Holding very large flasks

I have always struggled holding 4 and 5 inch flasks with the typical
tongs throughout the casting cycle. This weekend I placed a model in
a 6 inch flask. The problem was how to hold it when removing it from
the burn out oven and then hold it while quenching it.

My solution worked well for me. I removed a small amount of
investment from the edge of the flask on both ends after the
investment set. I placed the large flasks near the front edge of the
burn out oven. After burn out I used a large pair of vice grip
pliers to grab the edge of the flask that was uncovered by the
removed investment and lift it out of the oven and place it on its
side on the vacuum table. I removed the vice grips from the non sprue
end and gripped the sprue end of the flask and placed it on the pad.
Once the metal was poured I lifted the flask by the vice grips and
set it aside to cool. I held the flask with the vice grips while I
quenched it.

The flask was held very securely by the vice grips throughout the
casting process.

Photos available upon request.

Lee Epperson


Interesting solution. I wonder if it might be possible to weld a
“fin” on the outside of the flask, say 5/8" by 2" or 3" long and 1/4"
thick. This would make grasping with the vise grips or a large set of
tongs possible. The fins would not interfer with the flask placement
in the oven. If they are made of stainless steel there should not be
an oxidation problem either. I can’t see where there may be an effect
of the heat transfer to or from the flask.

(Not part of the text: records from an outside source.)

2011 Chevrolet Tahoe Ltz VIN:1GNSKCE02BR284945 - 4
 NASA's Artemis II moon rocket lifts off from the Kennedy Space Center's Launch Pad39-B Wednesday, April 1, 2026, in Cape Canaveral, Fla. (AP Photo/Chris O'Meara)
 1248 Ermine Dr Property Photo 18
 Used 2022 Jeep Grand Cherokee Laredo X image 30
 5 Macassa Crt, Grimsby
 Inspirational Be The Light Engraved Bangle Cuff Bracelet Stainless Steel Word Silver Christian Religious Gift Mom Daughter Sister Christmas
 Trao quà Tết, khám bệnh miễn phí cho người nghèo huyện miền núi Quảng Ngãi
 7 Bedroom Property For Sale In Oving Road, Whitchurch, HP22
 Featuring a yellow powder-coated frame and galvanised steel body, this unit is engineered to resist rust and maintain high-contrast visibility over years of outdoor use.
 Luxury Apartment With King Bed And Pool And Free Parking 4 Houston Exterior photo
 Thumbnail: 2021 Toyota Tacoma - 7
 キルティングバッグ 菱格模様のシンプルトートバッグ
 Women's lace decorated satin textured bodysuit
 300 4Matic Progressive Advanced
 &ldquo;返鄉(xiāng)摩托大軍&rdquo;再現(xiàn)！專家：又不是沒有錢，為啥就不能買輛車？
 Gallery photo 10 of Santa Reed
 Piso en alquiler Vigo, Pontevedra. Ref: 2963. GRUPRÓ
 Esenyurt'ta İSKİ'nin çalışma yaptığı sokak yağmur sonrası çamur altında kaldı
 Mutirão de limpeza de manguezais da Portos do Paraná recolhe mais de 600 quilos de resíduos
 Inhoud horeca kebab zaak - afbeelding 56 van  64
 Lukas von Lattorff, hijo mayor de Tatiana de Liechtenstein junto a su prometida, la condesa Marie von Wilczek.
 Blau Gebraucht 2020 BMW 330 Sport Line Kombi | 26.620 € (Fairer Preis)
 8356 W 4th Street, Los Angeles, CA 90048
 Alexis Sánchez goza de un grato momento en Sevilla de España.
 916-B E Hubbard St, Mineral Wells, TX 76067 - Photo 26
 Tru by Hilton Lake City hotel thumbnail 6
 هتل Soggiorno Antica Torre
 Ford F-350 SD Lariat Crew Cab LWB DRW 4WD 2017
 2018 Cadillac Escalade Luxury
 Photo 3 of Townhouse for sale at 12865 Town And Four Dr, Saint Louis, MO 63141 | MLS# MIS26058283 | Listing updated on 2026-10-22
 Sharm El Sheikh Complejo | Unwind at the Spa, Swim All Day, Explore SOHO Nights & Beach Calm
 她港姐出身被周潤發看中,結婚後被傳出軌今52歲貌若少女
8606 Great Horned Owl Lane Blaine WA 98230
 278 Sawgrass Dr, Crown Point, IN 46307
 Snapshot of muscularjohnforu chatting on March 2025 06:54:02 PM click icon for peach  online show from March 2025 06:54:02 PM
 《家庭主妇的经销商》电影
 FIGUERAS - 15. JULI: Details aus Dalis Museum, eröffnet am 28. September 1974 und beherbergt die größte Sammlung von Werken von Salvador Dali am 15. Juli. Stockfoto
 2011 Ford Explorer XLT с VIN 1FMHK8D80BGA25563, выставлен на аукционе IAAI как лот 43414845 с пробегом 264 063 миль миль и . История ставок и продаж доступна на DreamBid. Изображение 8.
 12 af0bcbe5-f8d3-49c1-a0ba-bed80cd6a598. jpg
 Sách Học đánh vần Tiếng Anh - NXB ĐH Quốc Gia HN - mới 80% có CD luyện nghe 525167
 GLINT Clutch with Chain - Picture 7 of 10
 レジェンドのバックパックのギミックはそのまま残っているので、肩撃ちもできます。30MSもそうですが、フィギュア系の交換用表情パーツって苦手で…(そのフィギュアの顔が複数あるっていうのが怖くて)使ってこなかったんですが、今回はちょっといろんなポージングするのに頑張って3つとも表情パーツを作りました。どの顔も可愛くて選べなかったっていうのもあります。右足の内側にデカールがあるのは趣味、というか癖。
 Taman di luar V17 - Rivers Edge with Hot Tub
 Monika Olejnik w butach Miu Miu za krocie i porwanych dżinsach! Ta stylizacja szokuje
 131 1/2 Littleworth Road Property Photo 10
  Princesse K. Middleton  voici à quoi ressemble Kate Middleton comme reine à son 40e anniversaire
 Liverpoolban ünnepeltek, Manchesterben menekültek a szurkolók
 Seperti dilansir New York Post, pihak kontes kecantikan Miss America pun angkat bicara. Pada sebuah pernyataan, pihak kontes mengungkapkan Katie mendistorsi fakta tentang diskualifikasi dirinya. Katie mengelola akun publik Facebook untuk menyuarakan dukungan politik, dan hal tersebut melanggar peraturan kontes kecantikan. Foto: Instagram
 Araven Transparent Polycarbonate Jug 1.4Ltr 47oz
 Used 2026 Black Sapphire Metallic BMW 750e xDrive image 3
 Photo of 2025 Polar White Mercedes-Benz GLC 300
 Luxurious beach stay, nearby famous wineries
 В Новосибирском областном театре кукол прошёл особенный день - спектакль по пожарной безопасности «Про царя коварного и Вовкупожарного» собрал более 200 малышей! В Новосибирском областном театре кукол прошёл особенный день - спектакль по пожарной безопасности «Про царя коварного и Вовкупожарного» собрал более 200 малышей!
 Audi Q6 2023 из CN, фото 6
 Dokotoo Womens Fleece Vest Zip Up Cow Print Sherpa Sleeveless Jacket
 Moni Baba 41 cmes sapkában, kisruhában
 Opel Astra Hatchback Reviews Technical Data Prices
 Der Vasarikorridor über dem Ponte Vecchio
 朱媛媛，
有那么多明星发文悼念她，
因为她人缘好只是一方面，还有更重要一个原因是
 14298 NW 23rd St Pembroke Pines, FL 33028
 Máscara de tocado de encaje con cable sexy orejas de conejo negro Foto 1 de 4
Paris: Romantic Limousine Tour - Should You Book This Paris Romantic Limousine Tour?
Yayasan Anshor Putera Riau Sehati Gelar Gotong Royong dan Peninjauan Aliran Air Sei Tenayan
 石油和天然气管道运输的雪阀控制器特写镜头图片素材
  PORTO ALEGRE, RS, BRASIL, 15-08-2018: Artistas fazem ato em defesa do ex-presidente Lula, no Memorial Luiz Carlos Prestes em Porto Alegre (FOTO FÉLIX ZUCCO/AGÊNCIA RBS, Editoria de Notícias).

This might just be a new invention! Y’all saw it here first.

The fin would help get your hands further from the flask and away
from the ends at quenching.

Just an idea. I have to deal with large flasks occasional too.

Bill Churlik

Lee, I would like to see photos of this method. I, too, have a hard
time holding flasks and moving them around for centrifugal casting.
This sounds like it could work for me, but I can’t picture it (that’s
another issue).


I was involved for a few years in developing a large vacum casting
system for a sculptural foundry and I developed a system for getting
flasks in and out of a top loading kiln. To give you some idea we
were using flasks up to 20" high and 10" across, some used 3-4 bags
of plaster each.

To lift in and out I drilled a pair of 1/4" holes 1" in from each
end across the widest section, ie a diameter. Then cut a piece of
1/4" stainless steel studding 2" longer than the diameter and bolt in
place inside and out, this is the bottom of the flask. The other end
use 1 1/4" ss bolts with the heads on the inside. To lift you make a
strong wire loop like a bucket handle only with the little loops at
the end twisted to go sideways I still use a bucket handle for one
size of flask!).

You can drop the flask over your wax model quite easily, and the
studding supports the plaster at the open end. There is obviously a
lot more to it than this, the foundry went on to LARGE perforated
flasks but I still use my system to great effect.

Tim Blades.

Would a big oil-filter wrench, or vise-grips that use a piece of
bike-chain be good tools for this purpose. All metal surfaces and
used gently all the way thru the casting progress, of course.